Now, let's establish the negation of the solution state. NotSolved simply asserts that the second bank does not contain all four objects. Note that due to the checks imposed by TypeOK, we can confidently express NotSolved solely in terms of cardinality. At the model checking time, we present a challenge to the TLC model checker by declaring that NotSolved is an invariant (i.e., it must always hold). TLC, being a model checker, rigorously examines all possible system behaviors of the system, seeking any counterexample where NotSolved is violated. If TLC identifies such a counterexample, it essentially reveals the sequence of actions required to solve the puzzle.


With this setup in place, let's consider what the system actions would be. We want to load the boat from one bank and unload it at the other bank. By treating these actions symmetrically, we ensure that the same loading and unloading process can be applied in the opposite direction as well. To achieve this symmetry, we define a river bank as a process and instantiate it with "Sides 1 and 2" (line 39).

Unloading is straightforward (lines 48-51). If the boat isn't empty (line 49), the bank can unload its contents to this location (line 50), and set the boat to be empty (line 51). But, what if this is the same boat we just loaded from this bank? Yes, unloading the boat right after loading it is wasteful, but it is still a permissible action. The model checker will explore all possible behaviors. While this action is not going to contribute to a solution (i.e., the shortest counterexample the model checker identifies), it is alright to include it in the exploration for the sake of the simplicity of the model.

Loading is straightforward as well (lines 42-47). We enable this branch, when the current bank is nonempty, and the boat is empty (line 43). We then choose a random yet safe boat content that does not leave a prey and predator unattended on this side (line 44). The randomness, which comes from the *with* keyword, enables the model checker to explore all behaviors allowed by the SafeBoats definition. The rest is easy, load the boat with that SafeBoats selection (line 45), and remove that selection from this bank (line 46).

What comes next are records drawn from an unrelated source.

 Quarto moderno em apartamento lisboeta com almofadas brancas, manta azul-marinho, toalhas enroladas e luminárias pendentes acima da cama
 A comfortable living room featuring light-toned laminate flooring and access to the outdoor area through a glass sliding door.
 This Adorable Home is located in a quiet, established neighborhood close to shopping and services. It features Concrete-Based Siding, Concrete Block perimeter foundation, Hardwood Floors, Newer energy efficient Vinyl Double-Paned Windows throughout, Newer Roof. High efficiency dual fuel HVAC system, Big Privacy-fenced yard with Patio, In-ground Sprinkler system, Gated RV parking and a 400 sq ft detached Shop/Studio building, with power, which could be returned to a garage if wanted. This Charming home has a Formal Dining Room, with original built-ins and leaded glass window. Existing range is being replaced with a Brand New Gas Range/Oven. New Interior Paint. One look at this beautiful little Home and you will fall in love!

Ok, let's unpack the SafeBoats expression. The boat B's contents should be a subset of the objects found on the bank that invoked SafeBoats (line 24). The farmer should be on the boat (line 25), and the cardinality of the boat cannot be more than 2 (line 26). Most importantly, when the boat B departs, the remaining objects in this bank should satisfy the Allowed predicate we discussed in the beginning (line 27). SafeBoats returns the set of all boat configurations B that satisfy these conditions.

We are done! Let's take a step back, and discuss our model as a whole.

Analyzing the model

The point of abstraction/modeling/designing is to remove unnecessary details that may cause distraction, and to cut to the core of the issue. So, what are the unnecessary details this model removes? (Before you read on, think about what your answer is to this question.)

The key abstraction here is the removal of the operational approach in lieu of a declarative approach. The model intentionally omits the specific ordering of actions (an operation sequence). While beginners instinctively attempt to spell out the operational steps (saying this happens and then that happens etc.), the experienced modelers establish the system model, define potential actions, and allow them to unfold naturally. Think declaratively, detached from time, like the aliens in the Arrival book/movie.

Additionally, we abstained from modeling the Farmer, Cabbage, Goat, and Wolf as active agents; instead, they are employed as inert objects without independent will. Our primary actors in this model are the two banks, realized as processes. These bank processes are responsible for updating the bank and boat variables, that we modeled as sets.


Does the protocol flow from the model?

I would say, yes. After we write the model, we didn't have to pull rabbits out of a hat. The model affords a clear path forward for the protocol.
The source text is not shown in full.